The internet cradled me like a baby: Having a rough day? Here’s a page full of endearing contagious laughter, 88 hours of a sitcom about close friends, a peek into the lives of your distant acquaintances – all at your fingertips, lying in wait as quick-fix dopamine patches. It provided me with so much comfort that even when walking under the warm winter sun, I chose to face the light from the screen.

This ceaseless consumption soon revealed itself to be dichotomous to any kind of creative output. I learned that the creative process is painfully slow, full of doubts, iterative, and tedious. It’s like being in a long hallway, in pitch-black darkness, searching for the right door that opens to the right key in the bunch. I saw that to be consistently creative takes fearless introspection – peeling layer after layer of your psyche and peering within. What I was used to and what I was supposed to do were complete opposites. I had a choice in front of me; two roads diverged in a yellow wood and even though Frost taught me which to pick, I didn’t know how to traverse it.

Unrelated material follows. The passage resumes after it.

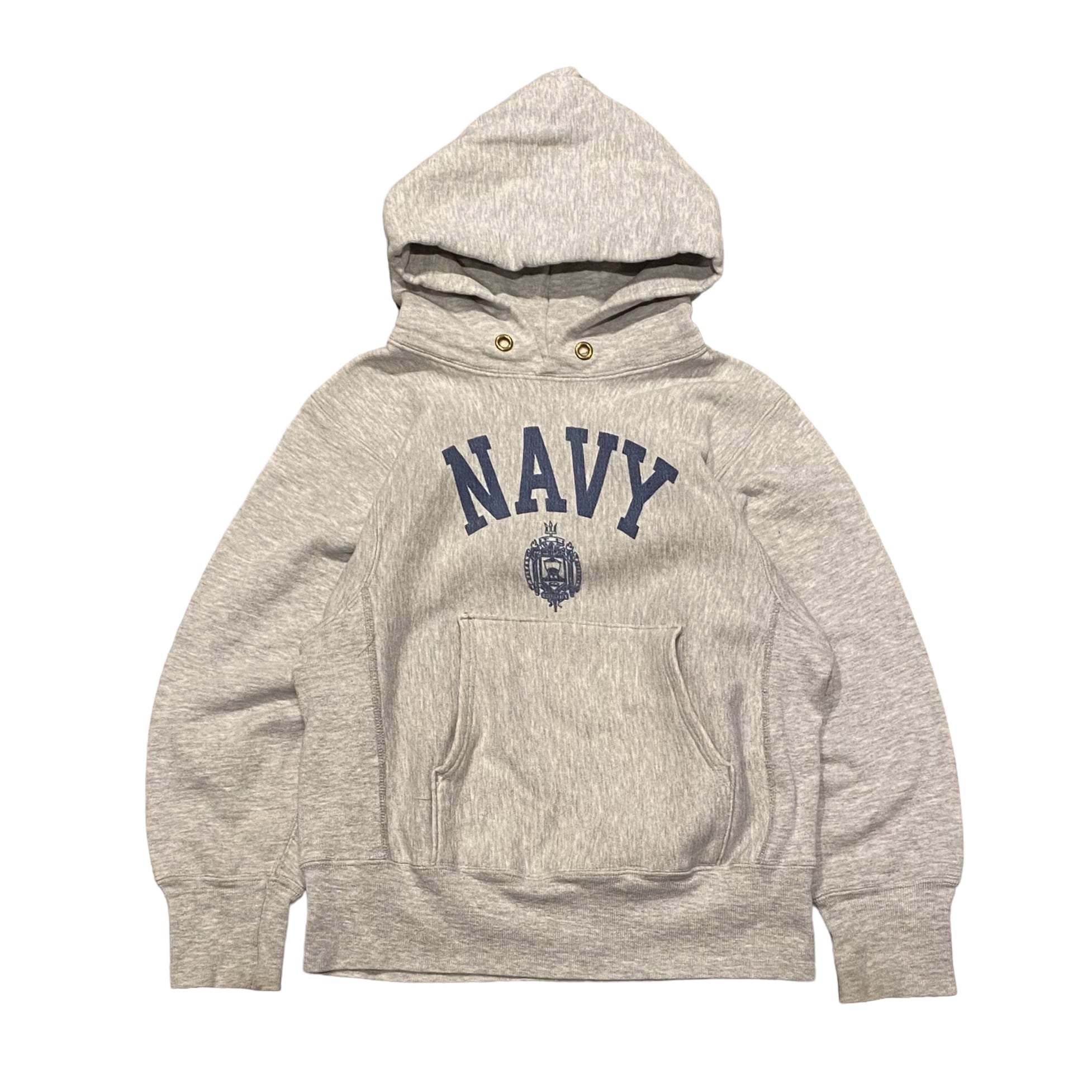 80s champion リバースウィーブ　パーカー　NAVY ミリタリー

Anyone from my generation onwards could attest that there are no unsolvable problems in life, only incorrect search statements. Most difficulties you face already have a neat, documented plan of action available this instant, for free. This is the age of information where there is no societal incentive in solving problems that others already tackled. I was unwittingly trained long ago to quickly search for the correct answer rather than slowly rediscover it. In my fast-paced life, unoriginal problems did not deserve original solutions.

Now, as luck would have it, my desire to be creative meant taking an unoriginal problem and being original in response, every single day. A peek at this unknown filled me with dread – how to walk a path when you’ve forgotten how to move your limbs?

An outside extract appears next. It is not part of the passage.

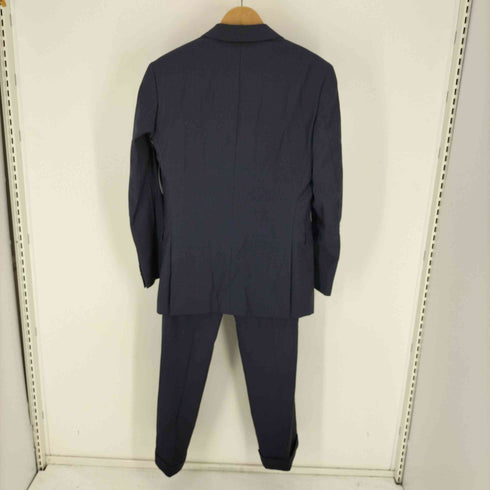 ポールスミス Paul Smith ロロピアーナ SUPER 130S WOOL 裏地花柄 2Bテーラードジャケット スラックスパンツ レディース M/M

It is rare, but sometimes, life slaps you across the face, simultaneously showing you your privilege and teaching you a lesson. My metaphorical dilemma turned out to be my ex’s father’s literal, physical disability. He is a frail man in his late 50s, always seated and stationary, owed to his affliction with Parkinson’s. He has a pacemaker with leads coming visibly out of his chest, going all the way up and behind his ear, finally re-entering the skull. These leads connected directly to the brain help reduce the intensity of his tremors (Deep brain stimulation). I distinctly remember how his face was always frozen in time, and how his words were formless mumbles that only his family could discern. He was a man trapped in his own body that was slowly forgetting how to function.

Still, by all accounts, he is a hilarious and jolly individual, seemingly unphased by his condition. Even though he needed assistance with most activities, he fiercely guarded the ones he could manage by himself. Walking was one of them.

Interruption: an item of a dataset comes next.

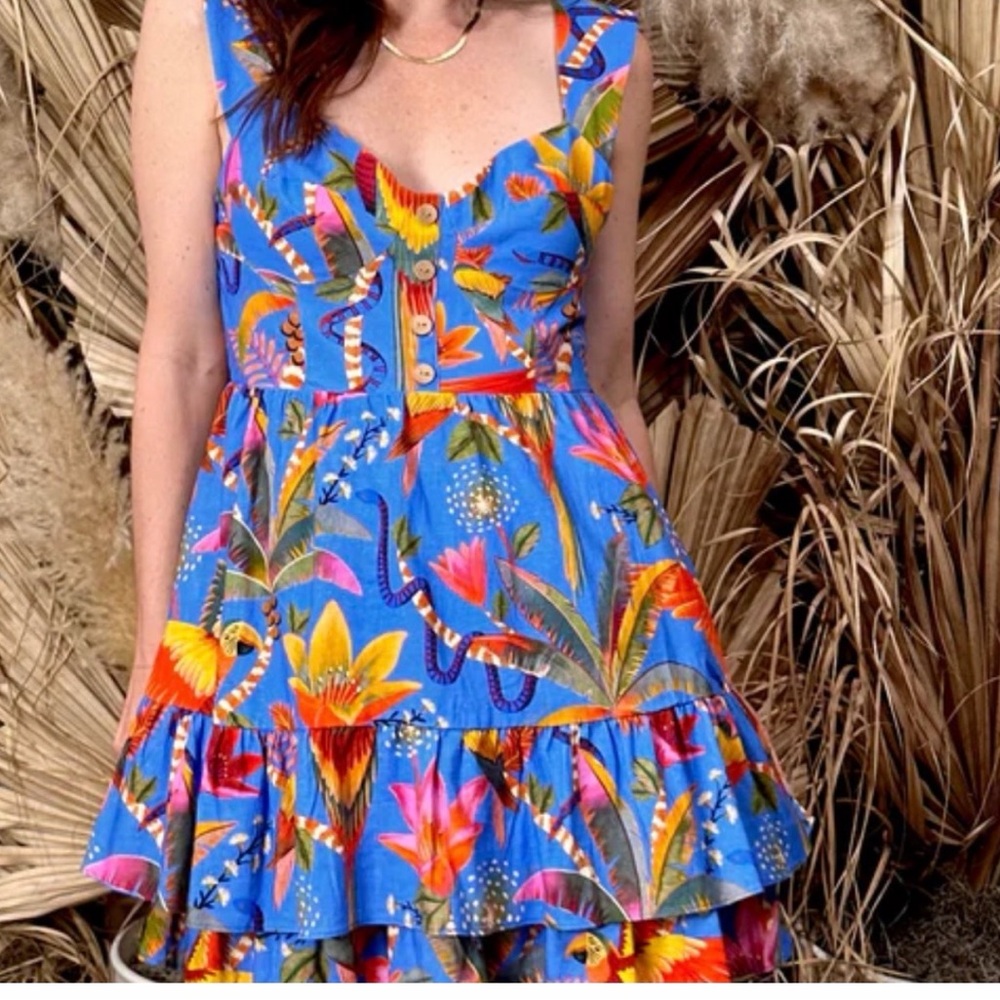 NWT Farm Rio Mini Macaw Party Dress. SZ L 
PLEASE READ Description!!! - Picture 3 of 15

He couldn’t will his legs to move, so when he wanted to walk, he would lean forward until he was on the verge of tipping over. When he felt he’d lost all control and is falling this time for sure – one of his legs would drag out ahead, through sheer instinct, to keep the balance. He’d push off of that leg and drag the other one forward: a step. On some lucky days, the momentum activated his muscle memory but when it did not, ‘rinse and repeat’.

This was a man with no room for distractions like the destination. For him, the only reality was the step; the destination acted solely as a compass. He couldn’t afford to be concerned with the how, that was a privilege reserved for those with a choice. He leant into the abyss with indefatigable courage because he truly knew the pain of being stagnant.

I learned that the battles you wage against yourself are not quick, open-field, action-packed manoeuvres. They are uneventful, measured and interminable sieges instead. It’s a war of attrition to break through the crenellated walls erected by your self. The siege never ends, there’s always another wall, but the moment this one falls, as the enemy troops retreat, you catch a glimpse of who you are. I learned that in a world eager to entertain, I need to embrace boredom to grow.